I’m a big fan of speech synthesis, and I love to make things babble! I also love to babble about things babbling. There is something I find so charming about getting a computer to chatter. One of my pipe dreams is to build an asemic speech engine that is built around prosody and inflection.
I once wrote a study called “computer on the phone with his mother”:
I wrote this in my Sporth language. You can find the sporth code here.

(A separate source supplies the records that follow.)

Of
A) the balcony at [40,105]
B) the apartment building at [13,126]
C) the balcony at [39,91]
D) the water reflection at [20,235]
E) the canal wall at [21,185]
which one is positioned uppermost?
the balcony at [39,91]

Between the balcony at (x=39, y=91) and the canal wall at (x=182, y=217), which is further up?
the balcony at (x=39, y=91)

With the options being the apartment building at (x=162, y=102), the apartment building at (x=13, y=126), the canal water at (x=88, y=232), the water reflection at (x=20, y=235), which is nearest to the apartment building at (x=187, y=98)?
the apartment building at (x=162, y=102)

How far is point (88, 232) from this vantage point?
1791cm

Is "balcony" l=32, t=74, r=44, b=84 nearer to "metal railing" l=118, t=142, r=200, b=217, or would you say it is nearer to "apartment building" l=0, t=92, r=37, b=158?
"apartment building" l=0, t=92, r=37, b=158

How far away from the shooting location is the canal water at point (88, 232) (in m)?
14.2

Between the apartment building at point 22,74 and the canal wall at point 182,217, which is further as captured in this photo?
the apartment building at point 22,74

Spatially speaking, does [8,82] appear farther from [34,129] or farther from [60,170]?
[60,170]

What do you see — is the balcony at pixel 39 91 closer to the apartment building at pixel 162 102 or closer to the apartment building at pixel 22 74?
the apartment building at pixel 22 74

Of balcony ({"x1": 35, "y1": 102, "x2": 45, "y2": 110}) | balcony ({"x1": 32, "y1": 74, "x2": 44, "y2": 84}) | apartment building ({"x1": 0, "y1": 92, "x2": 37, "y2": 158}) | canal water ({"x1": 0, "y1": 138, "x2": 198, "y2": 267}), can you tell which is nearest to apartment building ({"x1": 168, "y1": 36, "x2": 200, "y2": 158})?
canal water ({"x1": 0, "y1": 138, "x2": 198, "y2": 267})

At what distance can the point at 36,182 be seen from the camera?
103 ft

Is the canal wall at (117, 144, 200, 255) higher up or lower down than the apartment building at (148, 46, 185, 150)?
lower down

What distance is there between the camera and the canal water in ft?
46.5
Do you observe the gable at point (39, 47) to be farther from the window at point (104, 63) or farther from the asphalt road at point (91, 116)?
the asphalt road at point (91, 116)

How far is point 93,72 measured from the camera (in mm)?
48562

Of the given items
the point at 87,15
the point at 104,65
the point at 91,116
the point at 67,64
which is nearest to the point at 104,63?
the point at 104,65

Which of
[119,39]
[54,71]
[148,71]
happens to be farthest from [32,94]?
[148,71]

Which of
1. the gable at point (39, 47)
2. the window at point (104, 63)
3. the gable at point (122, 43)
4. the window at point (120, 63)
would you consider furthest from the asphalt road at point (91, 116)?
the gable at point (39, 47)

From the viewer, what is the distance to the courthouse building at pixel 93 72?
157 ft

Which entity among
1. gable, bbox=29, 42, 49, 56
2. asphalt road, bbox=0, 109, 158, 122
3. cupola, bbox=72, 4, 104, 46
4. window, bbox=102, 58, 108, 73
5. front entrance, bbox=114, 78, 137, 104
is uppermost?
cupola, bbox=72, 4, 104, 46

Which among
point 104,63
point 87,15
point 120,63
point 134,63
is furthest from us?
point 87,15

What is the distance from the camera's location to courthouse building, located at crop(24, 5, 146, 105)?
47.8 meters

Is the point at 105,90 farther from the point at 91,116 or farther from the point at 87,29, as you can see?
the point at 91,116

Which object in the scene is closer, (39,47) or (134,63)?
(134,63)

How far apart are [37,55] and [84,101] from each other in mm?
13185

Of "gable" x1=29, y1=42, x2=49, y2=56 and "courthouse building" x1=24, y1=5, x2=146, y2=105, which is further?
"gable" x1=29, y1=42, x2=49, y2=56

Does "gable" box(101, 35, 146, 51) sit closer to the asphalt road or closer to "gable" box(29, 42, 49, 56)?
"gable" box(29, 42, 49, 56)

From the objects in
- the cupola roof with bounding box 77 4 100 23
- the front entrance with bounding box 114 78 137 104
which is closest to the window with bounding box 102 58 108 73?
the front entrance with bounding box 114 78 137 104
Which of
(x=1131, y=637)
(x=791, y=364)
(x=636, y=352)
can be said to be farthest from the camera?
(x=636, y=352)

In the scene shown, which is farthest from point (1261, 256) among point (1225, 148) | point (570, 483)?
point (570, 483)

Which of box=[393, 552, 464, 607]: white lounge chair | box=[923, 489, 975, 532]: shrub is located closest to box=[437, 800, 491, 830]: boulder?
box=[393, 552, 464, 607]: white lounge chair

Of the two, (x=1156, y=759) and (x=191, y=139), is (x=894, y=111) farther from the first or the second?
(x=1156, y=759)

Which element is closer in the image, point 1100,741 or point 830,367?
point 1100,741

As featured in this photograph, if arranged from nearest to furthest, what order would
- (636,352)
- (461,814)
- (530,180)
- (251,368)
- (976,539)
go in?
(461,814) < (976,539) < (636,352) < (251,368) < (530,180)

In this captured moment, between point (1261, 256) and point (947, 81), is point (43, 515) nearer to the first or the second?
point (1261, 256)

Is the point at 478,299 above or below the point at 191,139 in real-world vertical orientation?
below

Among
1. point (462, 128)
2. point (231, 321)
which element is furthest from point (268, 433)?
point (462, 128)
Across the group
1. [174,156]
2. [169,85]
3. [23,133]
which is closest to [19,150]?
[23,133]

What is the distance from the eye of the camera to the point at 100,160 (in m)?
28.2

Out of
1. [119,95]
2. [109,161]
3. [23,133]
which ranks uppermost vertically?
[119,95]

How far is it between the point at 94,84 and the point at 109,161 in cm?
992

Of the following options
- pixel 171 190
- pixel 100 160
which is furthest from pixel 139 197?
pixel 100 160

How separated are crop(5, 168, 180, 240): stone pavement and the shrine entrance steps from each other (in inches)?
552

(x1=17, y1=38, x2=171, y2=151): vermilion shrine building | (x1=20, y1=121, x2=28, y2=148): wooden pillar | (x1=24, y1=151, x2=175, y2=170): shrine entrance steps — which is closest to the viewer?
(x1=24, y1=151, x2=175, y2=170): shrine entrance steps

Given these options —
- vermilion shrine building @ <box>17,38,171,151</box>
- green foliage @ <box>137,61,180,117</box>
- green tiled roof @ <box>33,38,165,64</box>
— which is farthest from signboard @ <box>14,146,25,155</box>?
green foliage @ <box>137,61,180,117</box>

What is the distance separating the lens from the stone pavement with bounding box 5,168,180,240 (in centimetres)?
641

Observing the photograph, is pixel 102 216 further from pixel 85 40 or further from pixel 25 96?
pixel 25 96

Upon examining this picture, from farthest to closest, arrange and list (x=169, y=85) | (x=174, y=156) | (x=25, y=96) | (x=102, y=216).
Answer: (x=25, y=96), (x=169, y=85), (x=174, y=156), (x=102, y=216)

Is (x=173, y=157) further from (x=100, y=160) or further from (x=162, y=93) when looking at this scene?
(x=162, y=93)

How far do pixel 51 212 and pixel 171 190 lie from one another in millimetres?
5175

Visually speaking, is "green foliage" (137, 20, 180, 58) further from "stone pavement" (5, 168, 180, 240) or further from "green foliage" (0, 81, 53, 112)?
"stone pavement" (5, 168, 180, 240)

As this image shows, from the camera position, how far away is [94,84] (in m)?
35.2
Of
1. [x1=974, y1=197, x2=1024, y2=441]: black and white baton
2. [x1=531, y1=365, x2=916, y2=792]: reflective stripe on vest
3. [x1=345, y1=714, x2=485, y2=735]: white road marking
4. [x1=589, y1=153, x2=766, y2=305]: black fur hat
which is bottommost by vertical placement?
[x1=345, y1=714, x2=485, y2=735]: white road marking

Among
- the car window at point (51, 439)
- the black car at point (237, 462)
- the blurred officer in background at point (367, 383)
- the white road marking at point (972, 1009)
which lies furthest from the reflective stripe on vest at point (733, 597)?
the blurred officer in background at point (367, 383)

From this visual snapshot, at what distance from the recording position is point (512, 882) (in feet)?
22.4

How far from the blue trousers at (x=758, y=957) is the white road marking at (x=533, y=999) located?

The recipe to make speech sounds like this is reasonably straight forward to replicate in a modular synthesis environment (Csound, SC, PD, FAUST, etc). What this is doing is taking a narrow pulse wave and putting it through a series of bandpass filters tuned to formant frequencies. Interpolating between the formant values gives it the “talky” effect. Randomly interpolating between formant values makes it “babble”. I also added some pauses, which makes it feel more like words in a language. The breaks are what give it personality (similarly, in singing synthesis, choosing the right vibrato makes a world of difference).
About a year or so later, I made another babble track. This one uses a Kelly-Lochbaum vocal track to synthesize the voice. From a control standpoint, the general concept is very similar, only instead of moving a bunch of bandpass filters around, you’re pushing and pulling on a virtual vocal tract to shape the sounds. The implementation itself is based on pink trombone, but I hastily ported the javascript code to C to make it work with the rest of my music software ecosystem.
There’s also stuff like espeak and festival which I’ve used in the past to generate electronic speech.